Kebijakan itu tak terlepas dan tren kasus harian nasional yang menyurut. Dirinya mengklaim kasus Covid-19 sangat menurun signifikan dalam sepekan terakhir. Begitu pula dengan tingkat keterisian rumah sakit atau BOR dan tingkat kematian.

“Tren penurunan konfirmasi harian terjadi di seluruh provinsi di Jawa dan Bali. Tingkat rawat inap menurun terkecuali DIY. DIY akan turun beberapa hari ke depan,” timpalnya.

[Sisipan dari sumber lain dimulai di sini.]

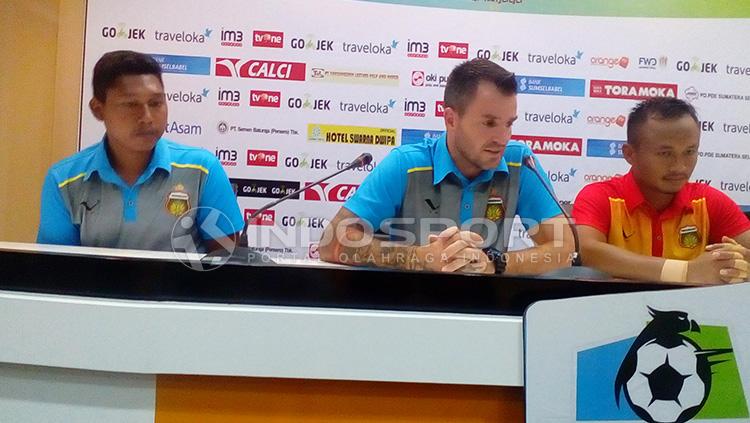 Simon McMenemy saat melakukan konferensi pers usai laga melawan Sriwijaya FC. Copyright: Muhammad Effendi/Indosport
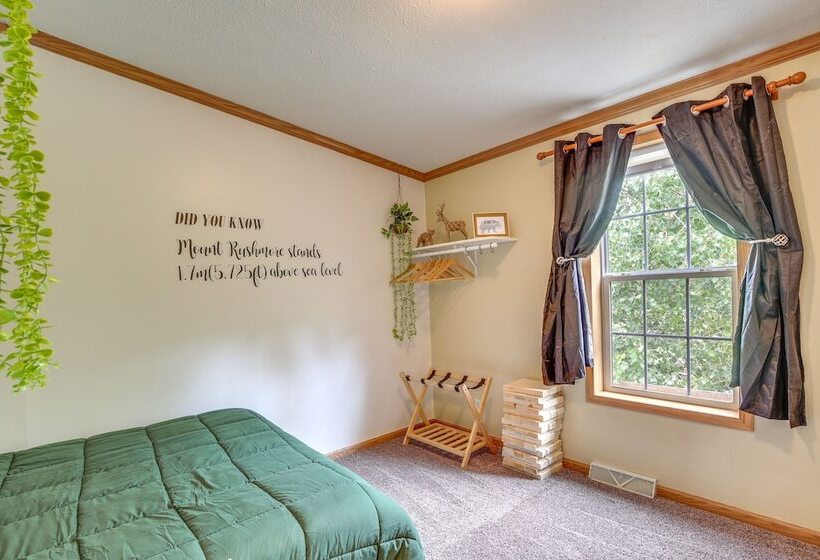 Modern Keystone Home: 4 Mi To Mount Rushmore!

Sementara itu, Juru Bicara Kementerian Perhubungan Adita Irawati mengatakan penghapusan syarat tes antigen dan PCR untuk perjalanan kereta api dan pesawat tidak dibutuhkan lagi bersumber dari rapat terbatas di Istana yang dilaksanakan pada, Senin (7/3/2022) yang disampaikan Koordinator PPKM Jawa Bali Luhut Binsar Pandjaitan.

Namun penghapusan aturan ini masih menunggu dituangkan terlebih dahulu ke dalam Surat Edaran Kementerian dan Lembaga terkait, sebelum diterapkan di lapangan.

"Hingga saat ini terkait persyaratan perjalanan dalam negeri dan internasional Kementerian Perhubungan selalu merujuk pada Surat Edaran Satgas Penanganan Covid - 19, ada pun aturan yang berlaku sampai saat ini masih pada SE Satgas No 22 Tahun 2021," kata Adita dalam keterangan, Senin (7/3/2022).

Kementerian Perhubungan akan melakukan penyesuaian setelah Satgas Covid - 19 melakukan revisi terhadap ketentuan yang ada. Selanjutnya akan disosialisasikan kepada masyarakat luas.